In [1]:
import pandas as pd
import numpy as np

Bring in the datasets (Note: `pol_tweet_data` and `troll_tweet_data` are very large)

In [2]:
pol_tweet_data = pd.read_csv('./datasets_large/politician-tweets/pol_tweets.csv', sep=';')

In [3]:
troll_tweet_data = pd.read_csv('./datasets_large/russian-troll-tweets/combined.csv',
                               dtype={'external_author_id': str, 'author':str, 'content':str, 'region': str, 
                                      'language': str, 'publish_date':str, 'harvested_date':str, 'following':int, 
                                      'followers':int, 'post_type':str, 'account_type':str, 'retweet':bool, 
                                      'account_category':str, 'new_june_2018':bool, 'alt_external_id':str, 
                                      'tweet_id': str, 'article_url': str, 'tco1_step1':str, 'tco2_step1':str, 
                                      'tco3_step1': str })

In [4]:
news_tweet_data = pd.read_csv("./datasets_large/news-tweets/news_tweets.csv", sep=";",
                          dtype={'tweet_id':str, 'author_id':str, 'publish_date':str, 
                                'content':str, 'link_url':str, 'account_category':str, 
                                'author':str, 'account_type':str})

In [5]:
pol_authors = pd.read_csv("./datasets_large/politician-tweets/pol_accounts.csv", sep=";")

In [6]:
print("Troll tweets size:", troll_tweet_data.shape)
print("Politician tweets size: ", pol_tweet_data.shape)
print("News tweets size:", news_tweet_data.shape)

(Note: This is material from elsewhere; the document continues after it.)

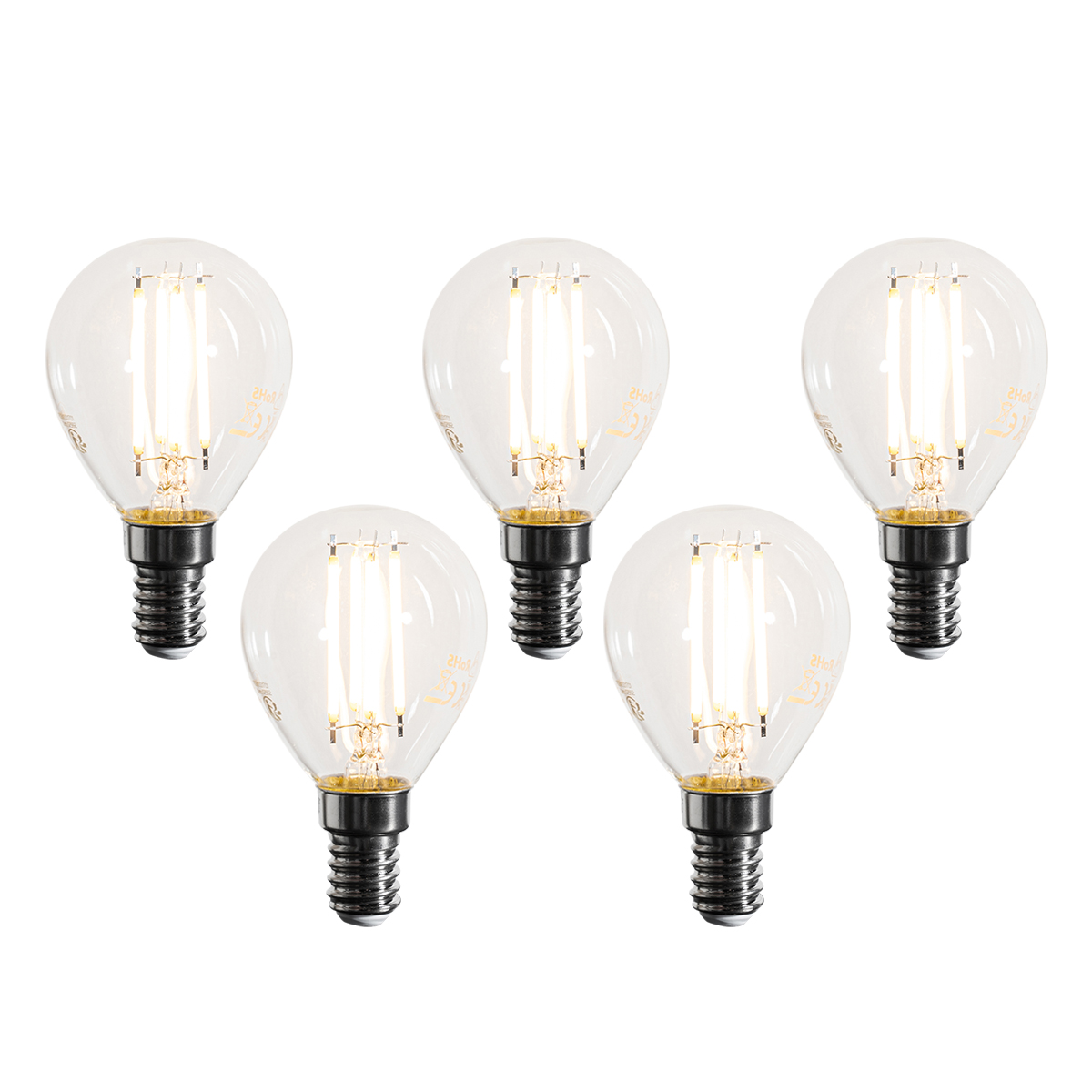 Set de 5 becuri cu filament LED E14 reglabile G45 transparente 4W 470 lm 2700K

Troll tweets size: (2946207, 21)
Politician tweets size:  (1661553, 10)
News tweets size: (41772, 8)


Need to downsample the troll and politician tweets for efficency and to reduce class imbalance later on. 

In [7]:
# Down sample number of tweets because there are so many more than news tweets
# This improves efficency for processing and will help prevent class imbalances in our model
troll_tweet_data = troll_tweet_data.sample(n=200000, random_state=42)
pol_tweet_data = pol_tweet_data.sample(n=200000, random_state=42)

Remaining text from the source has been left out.